BEGIN DATASET ENTRIES
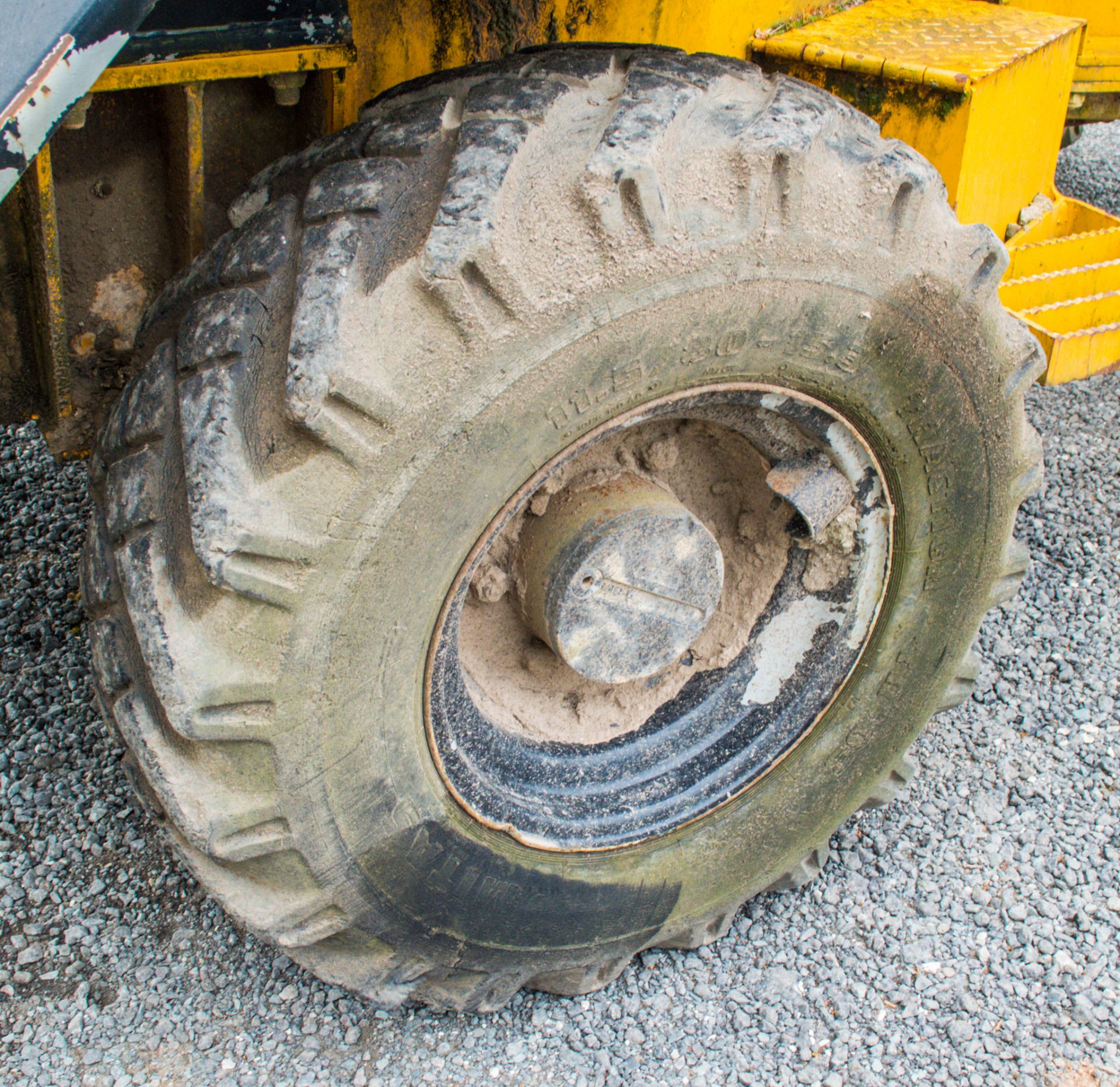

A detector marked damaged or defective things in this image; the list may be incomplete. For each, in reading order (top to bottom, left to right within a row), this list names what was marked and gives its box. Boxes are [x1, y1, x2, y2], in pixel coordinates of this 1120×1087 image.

chipped paint [0, 31, 128, 201]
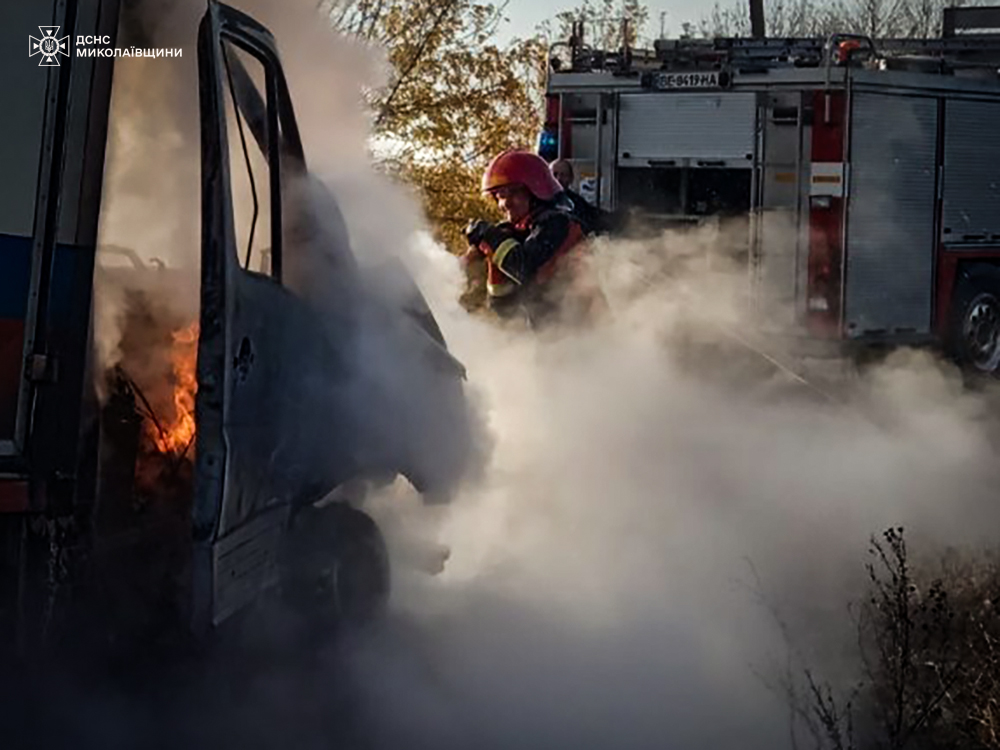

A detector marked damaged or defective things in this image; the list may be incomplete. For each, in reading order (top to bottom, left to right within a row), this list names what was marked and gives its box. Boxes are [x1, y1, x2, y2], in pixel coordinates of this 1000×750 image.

charred vehicle body [0, 0, 476, 656]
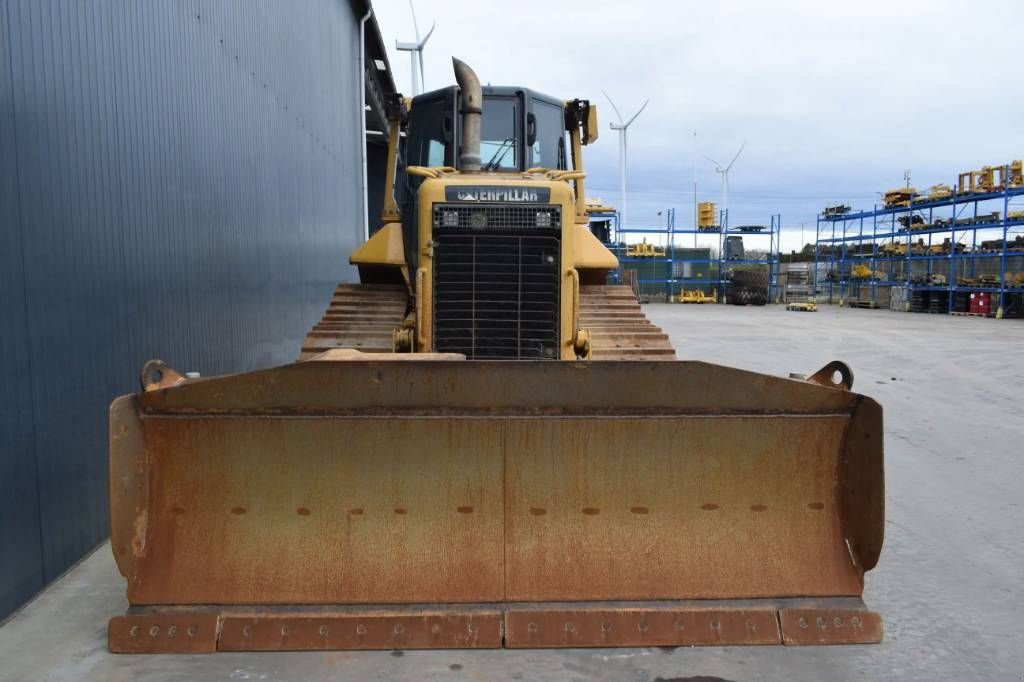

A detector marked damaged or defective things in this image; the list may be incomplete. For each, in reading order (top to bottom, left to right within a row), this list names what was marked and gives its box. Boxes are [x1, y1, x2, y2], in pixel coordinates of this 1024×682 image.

rusty dozer blade [108, 356, 884, 648]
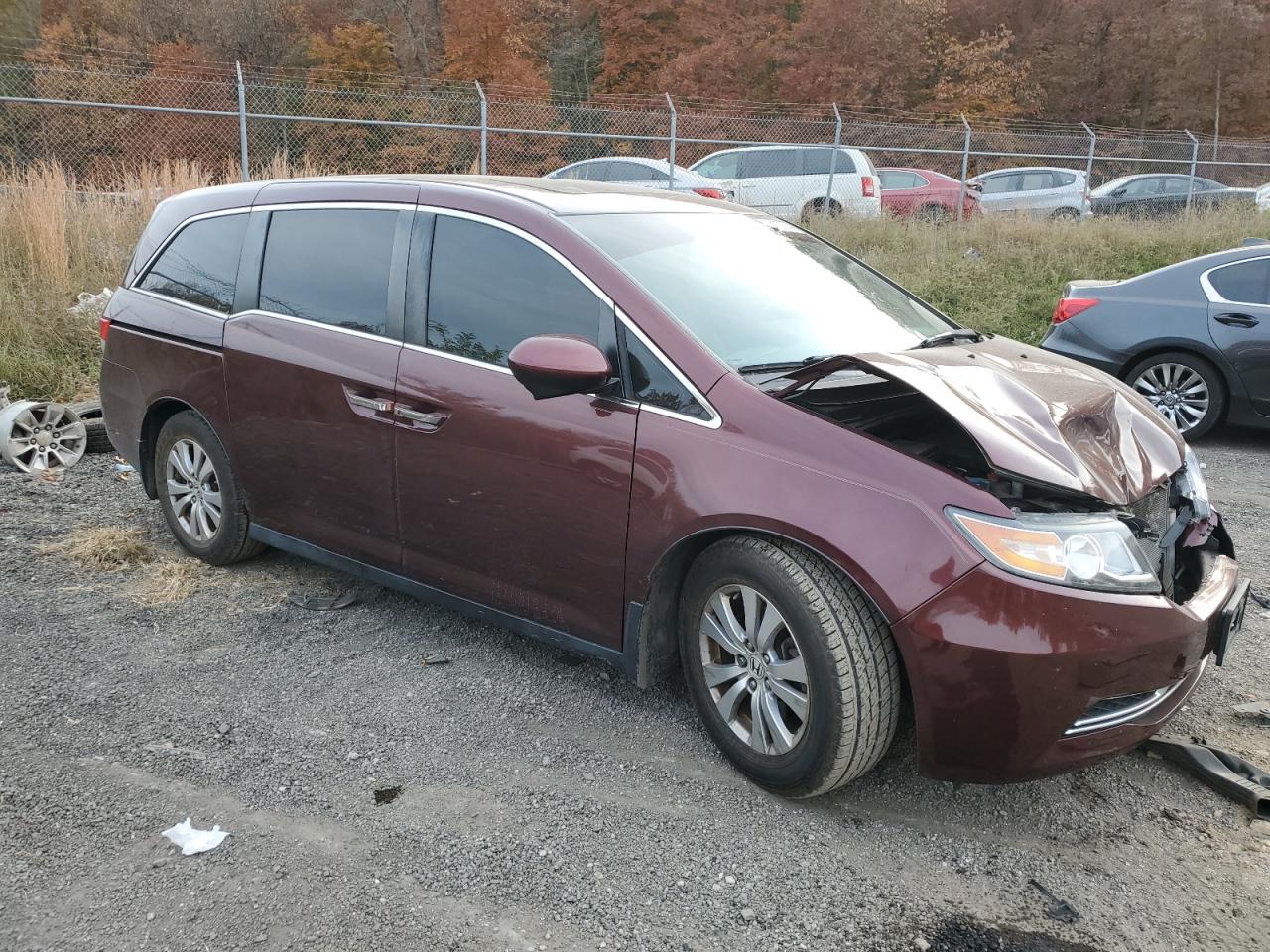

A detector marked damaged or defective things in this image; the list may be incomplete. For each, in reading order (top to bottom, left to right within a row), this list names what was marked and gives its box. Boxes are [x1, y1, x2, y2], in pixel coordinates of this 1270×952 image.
END DATASET ENTRIES
§ REQUIRED WORK: Restate word for word the lines from the one containing "this 1024×682 image." through the end of the material above, both included, and nothing besides; drop the pictures.

§ OUTPUT BELOW:
A detector marked damaged or defective things in this image; the list may be incomplete. For each, in reading order (top to bottom, left to right within a row), this list names what was marked and gives its box. Boxes are [x1, y1, x2, y2], in pixel coordinates of this 1024×682 image.

rusty dozer blade [108, 356, 884, 648]

A detector marked damaged or defective things in this image; the list may be incomplete. For each, in reading order (top to bottom, left to right within a row), this list names what was marked and gives its box. Boxes are [x1, y1, x2, y2], in pixel coordinates of this 1270×952 image.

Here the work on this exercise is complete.